**What you have to do**:
Your answer must be an exact copy of the data below, minus any pictures.

**Supplied material**:
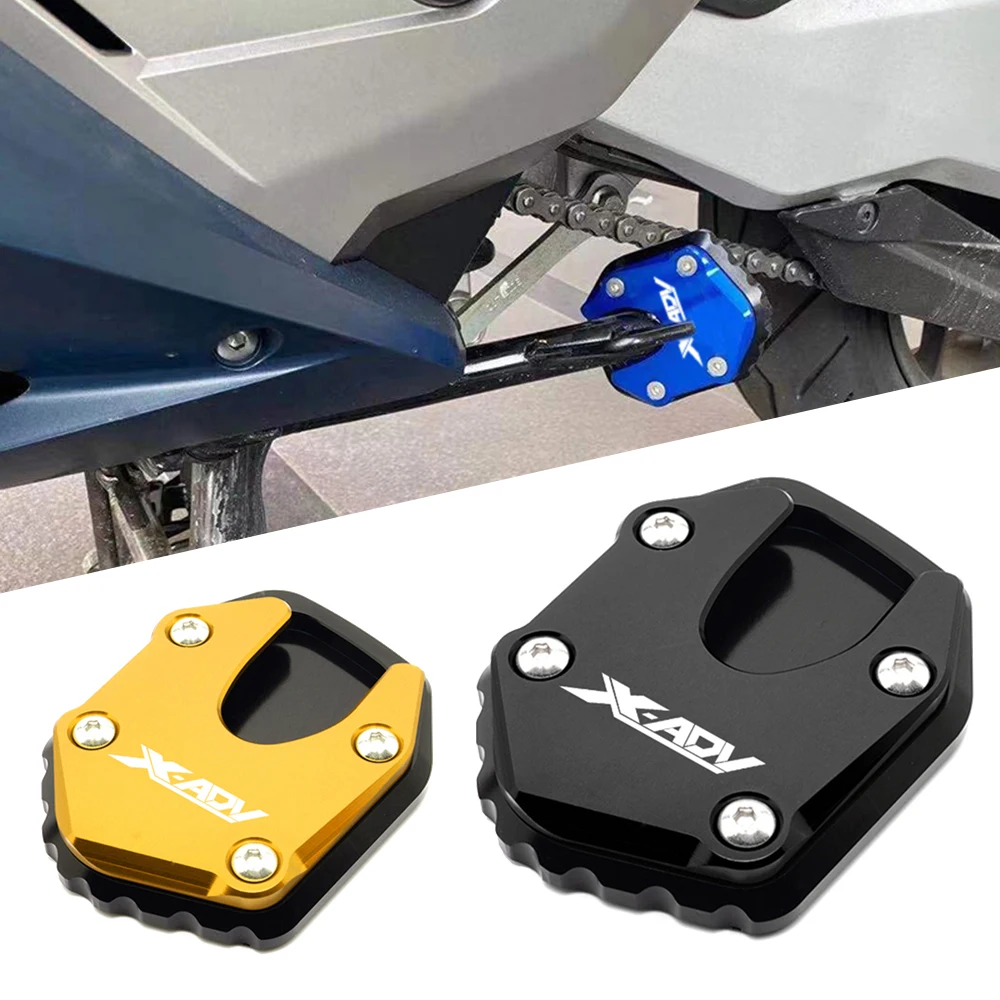 

For Honda X-ADV 750 XADV XADV750 2021-2024 2025 Motorcycle Foot Side Stand Plate Kickstand Enlarger Support Extension Pad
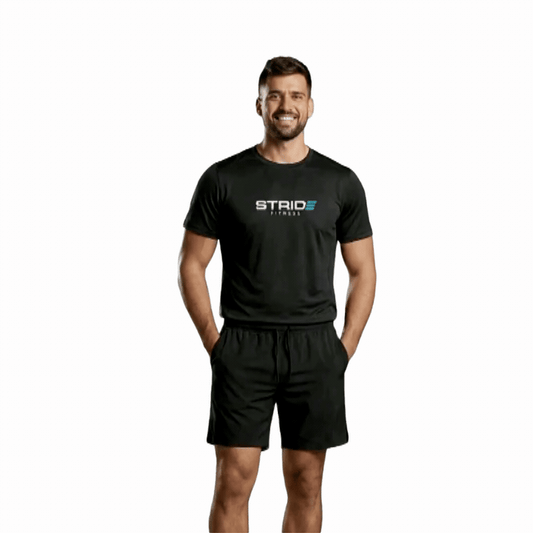 STRIDE Fitness men’s performance t-shirt black athletic fit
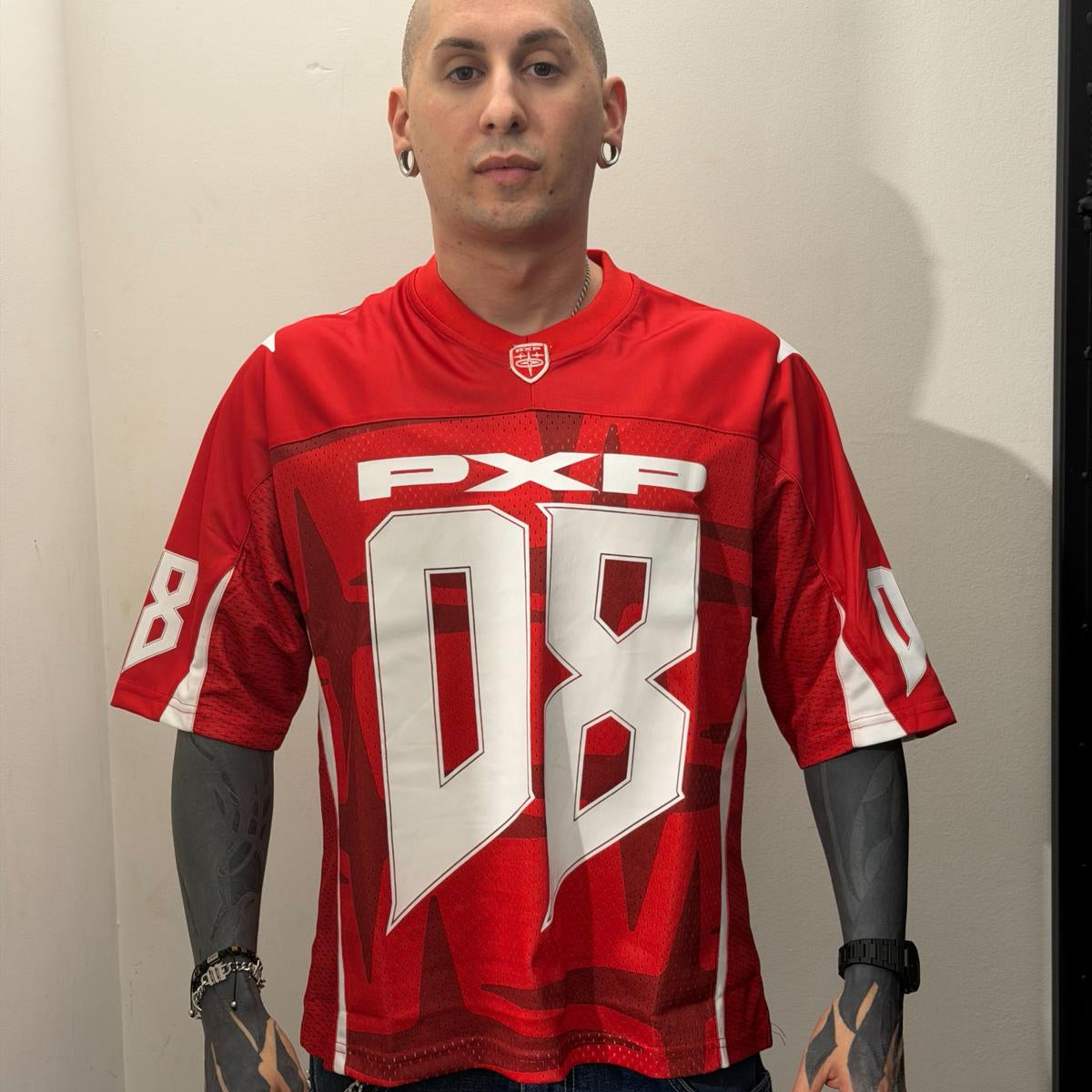 Jersey Croppata Rossa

**Final answer**:
For Honda X-ADV 750 XADV XADV750 2021-2024 2025 Motorcycle Foot Side Stand Plate Kickstand Enlarger Support Extension Pad
 STRIDE Fitness men’s performance t-shirt black athletic fit
 Jersey Croppata Rossa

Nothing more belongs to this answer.